Sessions was delivering a speech on Tuesday at the Turning Point USA High School Leadership Summit in Washington, D.C., when the students started chanting, "Lock her up," referring to Clinton. Sessions repeated the phrase, laughed, and said, "I heard that a long time over the last campaign," before going back to his speech. "Lock her up" chants were a frequent feature of then-candidate Donald Trump's 2016 campaign rallies, as many conservatives were upset that Clinton wasn't prosecuted for using a private email server during her tenure as secretary of state.
At a press conference today, Sessions was asked about his response to the students' chant. "I perhaps should have taken a moment to advise them" that "you're presumed innocent until cases are made," he replied.

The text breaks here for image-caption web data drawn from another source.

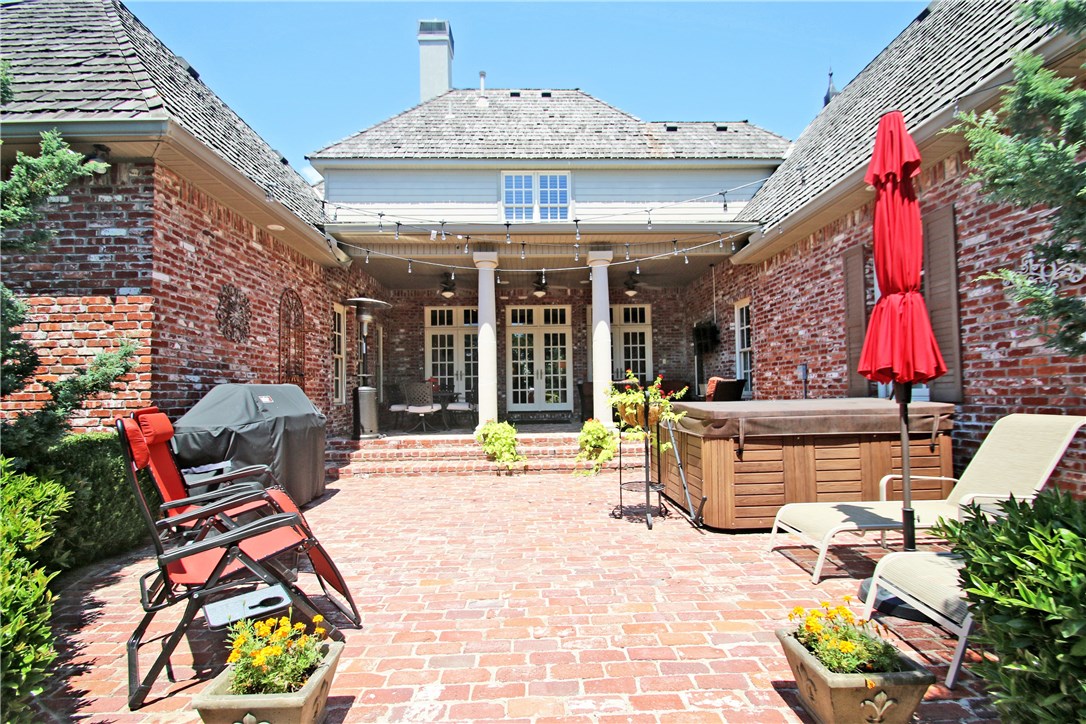 Pinnacle Golf & Cc Rogers - Residential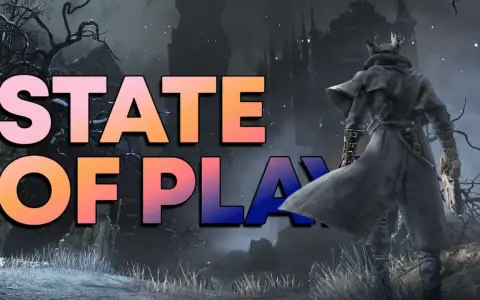 Un cazador con gabardina se alza ante un castillo sombrío, con el texto "STATE OF PLAY" en colores vibrantes.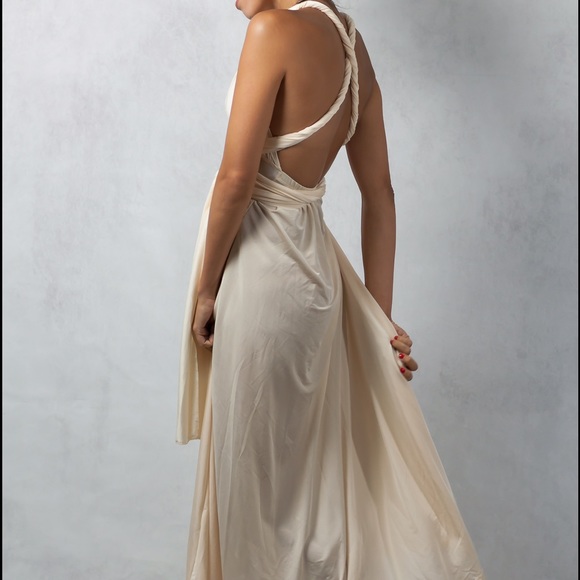 Final Price! A thousand ways Maxi Dress - Picture 2 of 7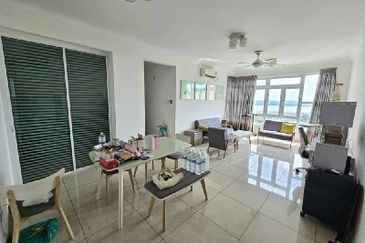 Golden Sands Seaview Residence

AG Sessions on echoing a "lock her up!" chant earlier this week: "I perhaps should have taken a moment to advise them that … you're presumed innocent until cases are made." pic.twitter.com/f909WUIC18
— NBC News (@NBCNews) July 26, 2018
It's encouraging to see that the attorney general of the United States knows due process exists. Those accused of a crime are innocent until proven guilty in a court of law, which the high schoolers chanting "lock her up" would have done well to remember. And though Sessions didn't actually join in on the chant (as some in the mainstream media seemed to imply), it wasn't a good look for him to act so amused. Due process rights should have nothing to do with politics, and as the country's top law enforcement officer, Sessions certainly shouldn't be laughing at the idea of a former political foe facing jail time without a trial.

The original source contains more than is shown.